▶ _ENTRIES SHOWN_:
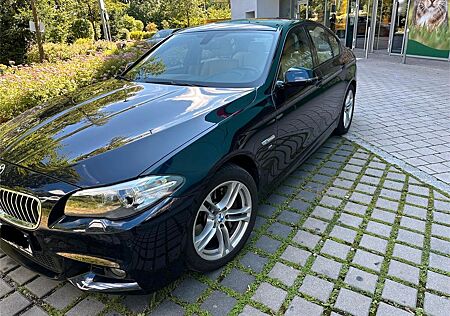 BMW 530d xDrive Limousine, M-Sportpaket, F10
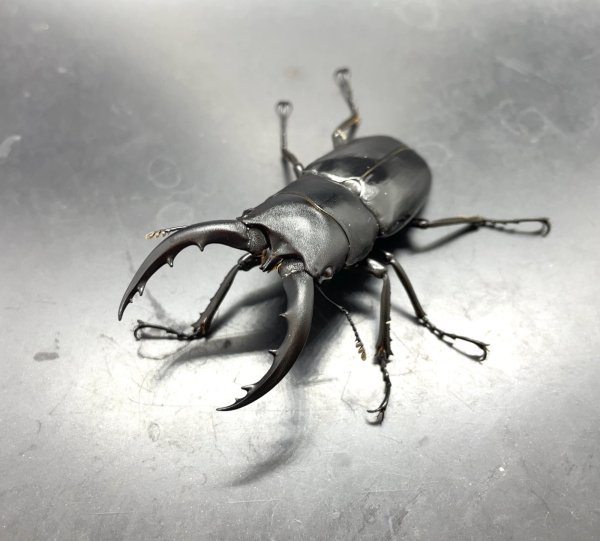 画像1: トクノシマノコギリクワガタ　♂５８ｍｍ／♀３５ｍｍ　成虫ペア　 (1)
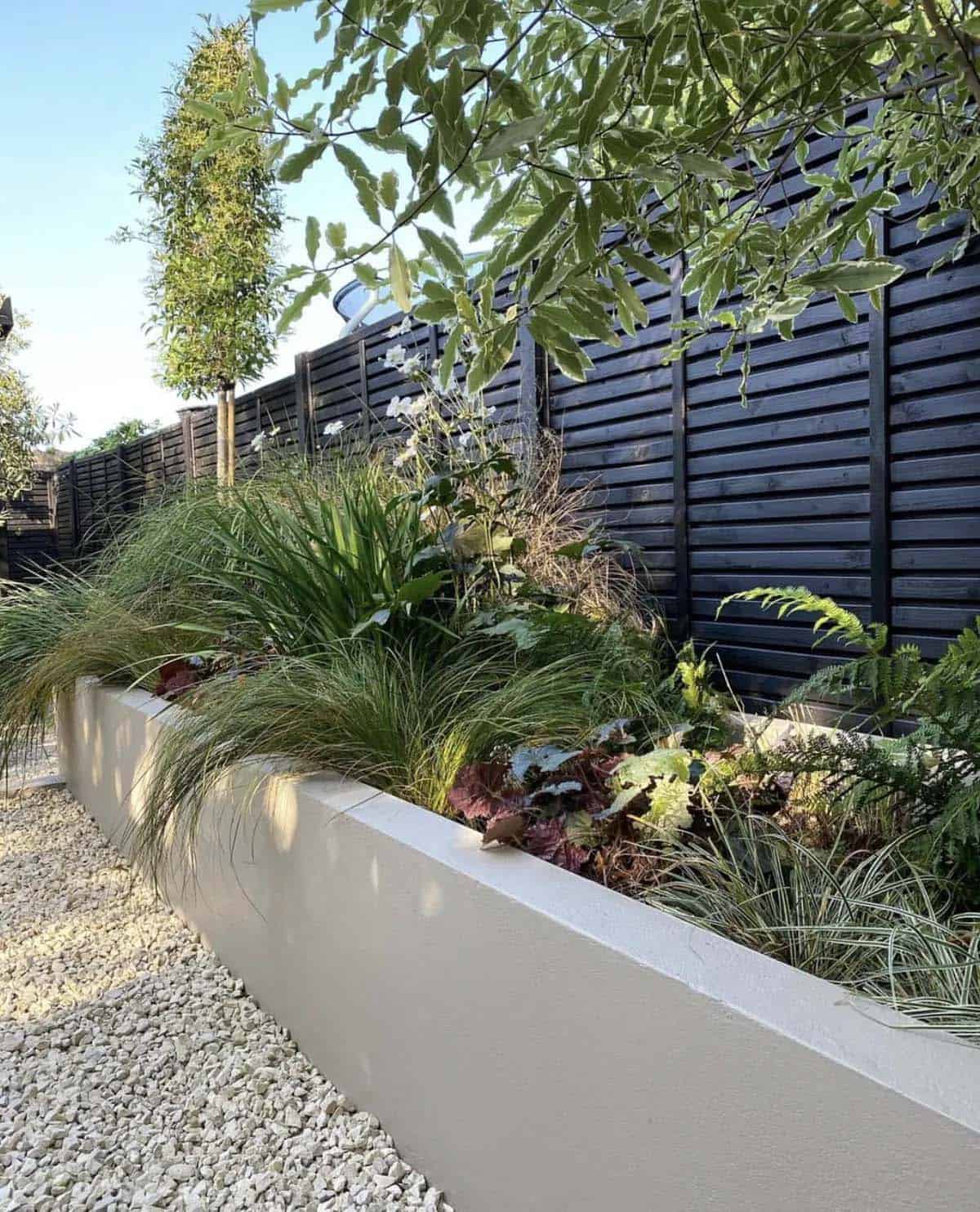 Ornamental grasses and dark foliage in a raised planter along a black slatted fence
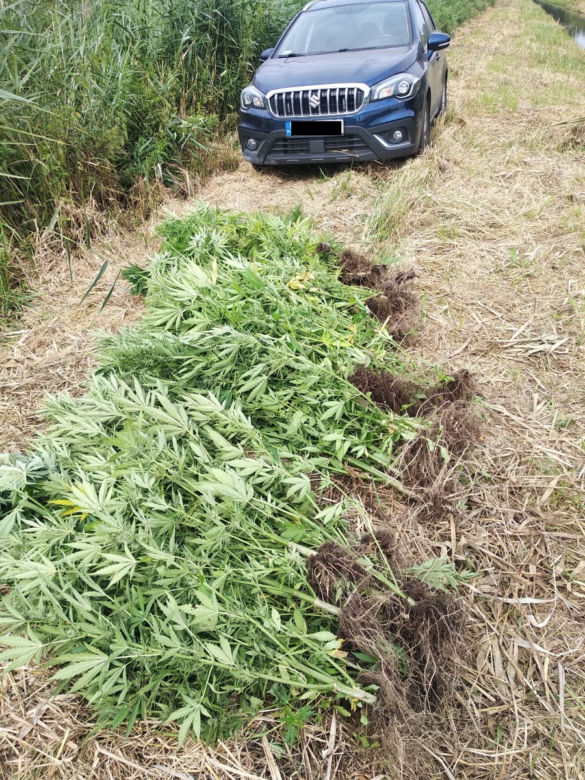 Wielkie plantacje konopi indyjskich pod Tarnobrzegiem. Uprawiali je dwaj mieszkańcy Stalowej Woli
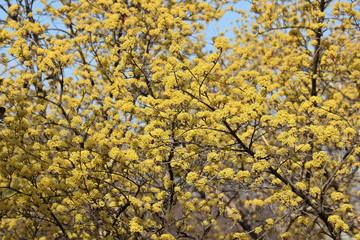 초봄 산수유 꽃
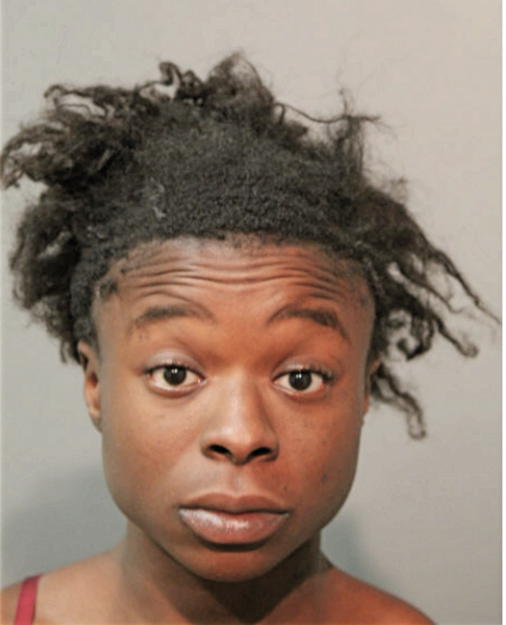 ASHLEY N DENT, Cook County, Illinois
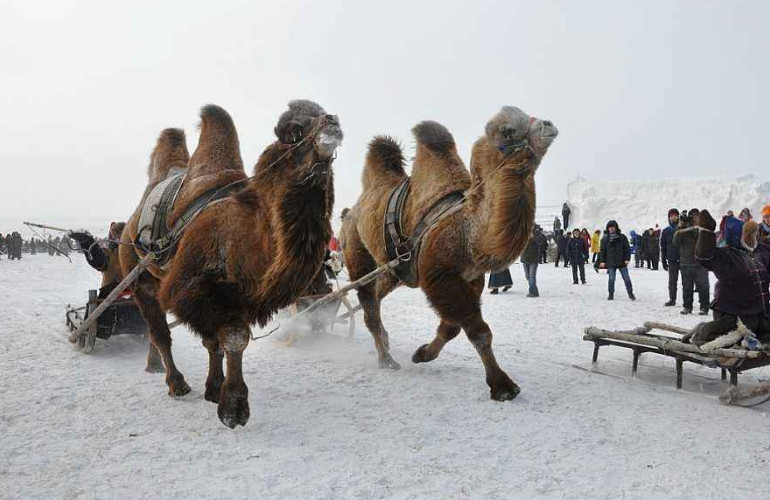 可爱的雪地骆驼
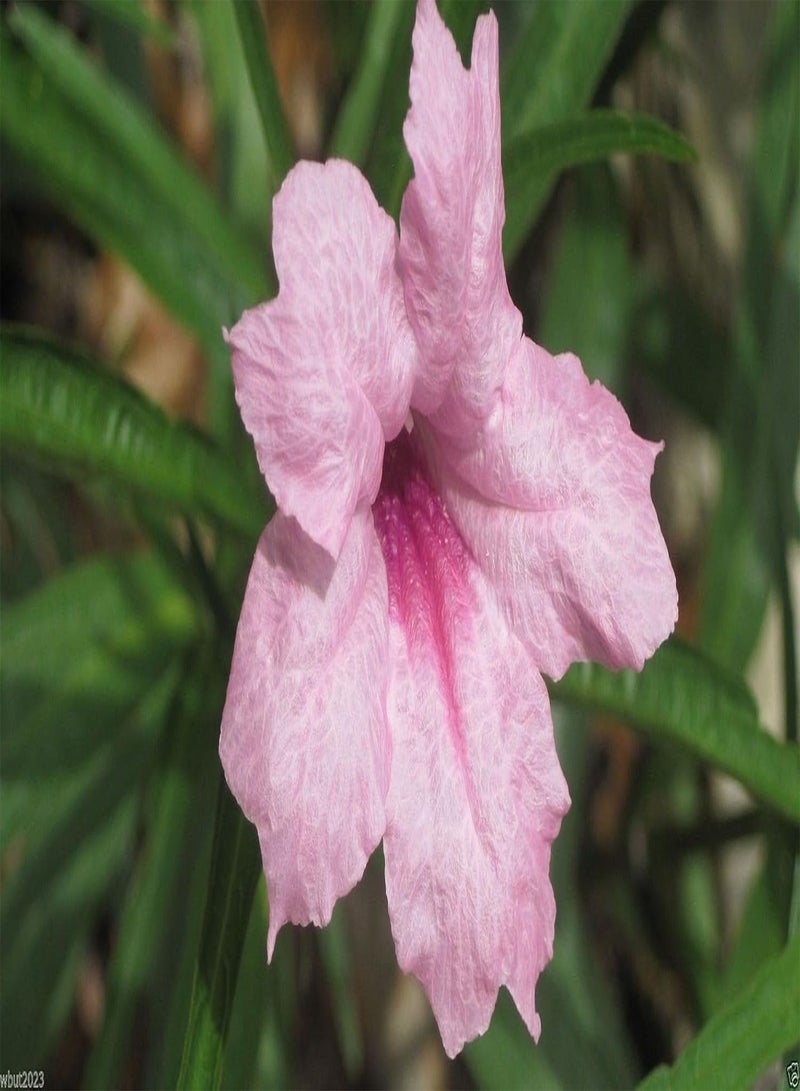GGOOT Seed- Ruellia brittoniana 'Souther Star Mix' 30 Seeds! - Image 3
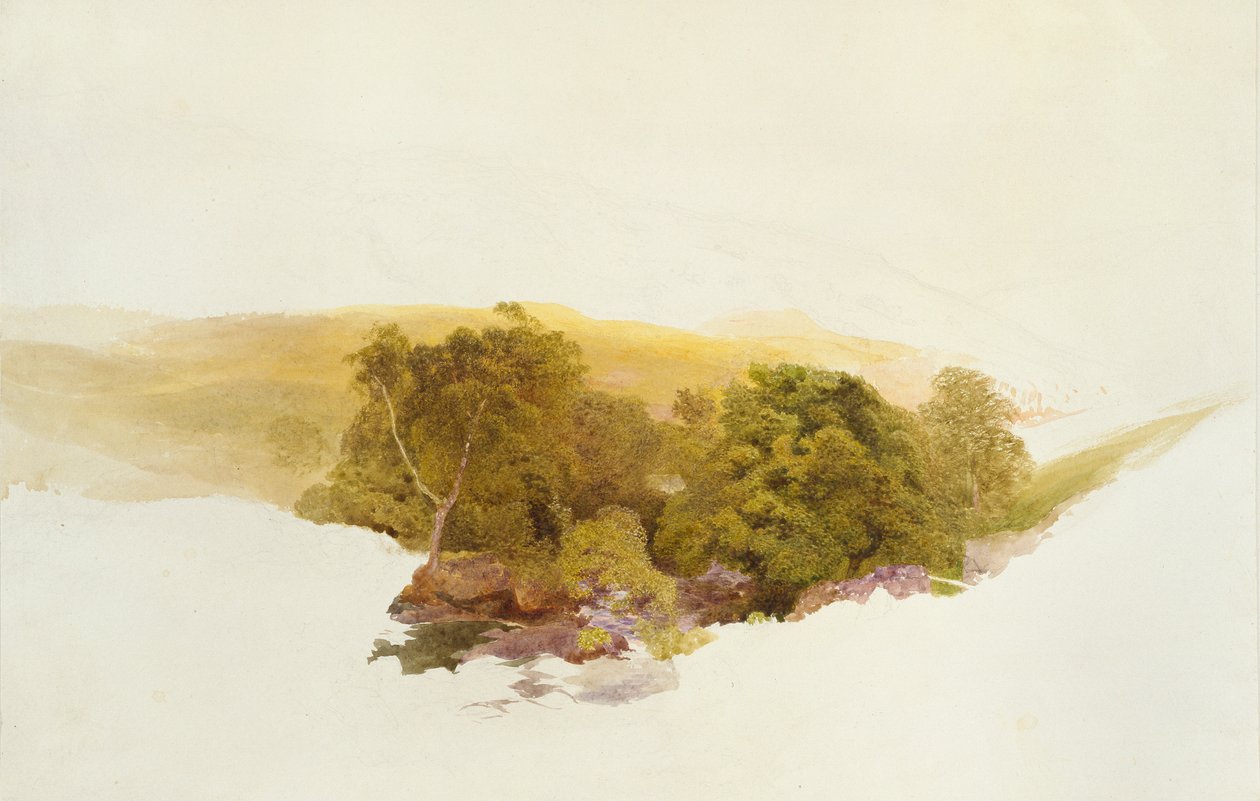 Colina de Martin, Dockwigg, c1862 de Alfred William Hunt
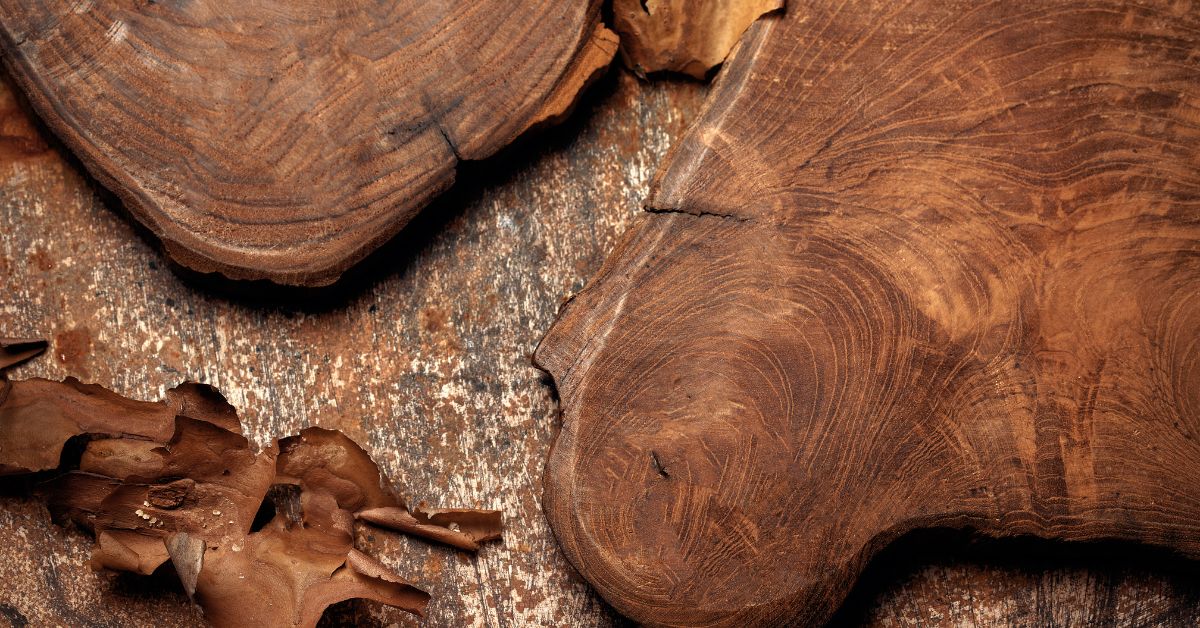 Essence de bois massif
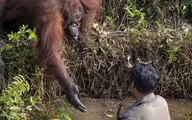 دست یاری اورانگوتان به سمت محیط‌بان 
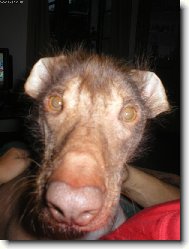 Perro Sin Pelo del Per�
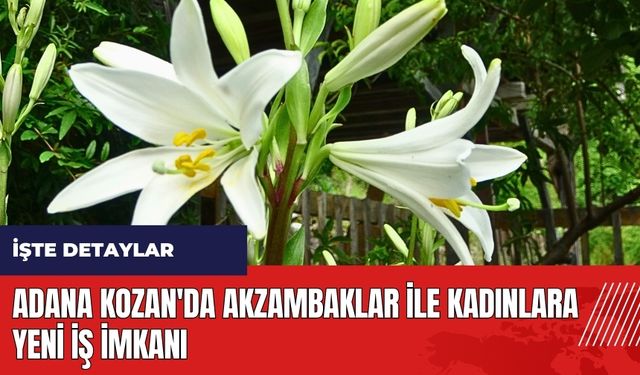 Adana Kozan'da Akzambaklar ile kadınlara yeni iş imkanı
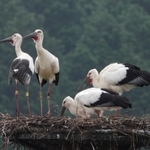 巣塔に止まる４羽のコウノトリ＝朝来市和田山町久田和（清田牧男さん提供）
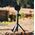 Statyw Fidlock Fidlock Vacuum Mini Tripod Base Smartphone Stativ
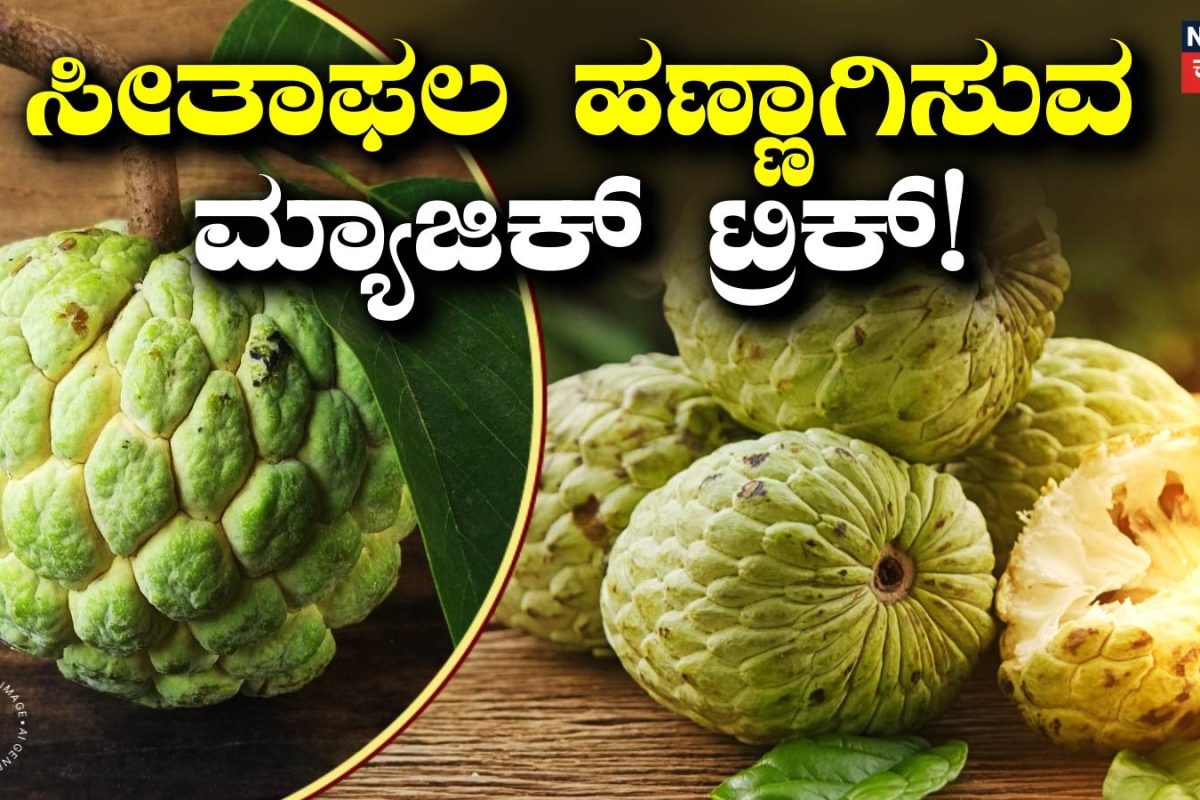 Custard Apple: ಮಾರ್ಕೆಟ್‌ನಿಂದ ಗೊತ್ತಿಲ್ಲದೆ ಹಸಿ ಸೀತಾಫಲ ತಂದಿದ್ದೀರಾ? ಮನೆಯಲ್ಲೇ ಹಣ್ಣಾಗಿಸುವ ಸೀಕ್ರೆಟ್ ವಿಧಾನ ಇಲ್ಲಿದೆ ಓದಿ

▶ _YOUR OBJECTIVE_: Retyping is limited to the line with "ASHLEY N DENT, Cook County, Illinois" and the lines after it in the material above; give them exactly and leave out the pictures.

▶ _SOLUTION TO THE PROBLEM_:
 ASHLEY N DENT, Cook County, Illinois
 可爱的雪地骆驼
GGOOT Seed- Ruellia brittoniana 'Souther Star Mix' 30 Seeds! - Image 3
 Colina de Martin, Dockwigg, c1862 de Alfred William Hunt
 Essence de bois massif
 دست یاری اورانگوتان به سمت محیط‌بان 
 Perro Sin Pelo del Per�
 Adana Kozan'da Akzambaklar ile kadınlara yeni iş imkanı
 巣塔に止まる４羽のコウノトリ＝朝来市和田山町久田和（清田牧男さん提供）
 Statyw Fidlock Fidlock Vacuum Mini Tripod Base Smartphone Stativ
 Custard Apple: ಮಾರ್ಕೆಟ್‌ನಿಂದ ಗೊತ್ತಿಲ್ಲದೆ ಹಸಿ ಸೀತಾಫಲ ತಂದಿದ್ದೀರಾ? ಮನೆಯಲ್ಲೇ ಹಣ್ಣಾಗಿಸುವ ಸೀಕ್ರೆಟ್ ವಿಧಾನ ಇಲ್ಲಿದೆ ಓದಿ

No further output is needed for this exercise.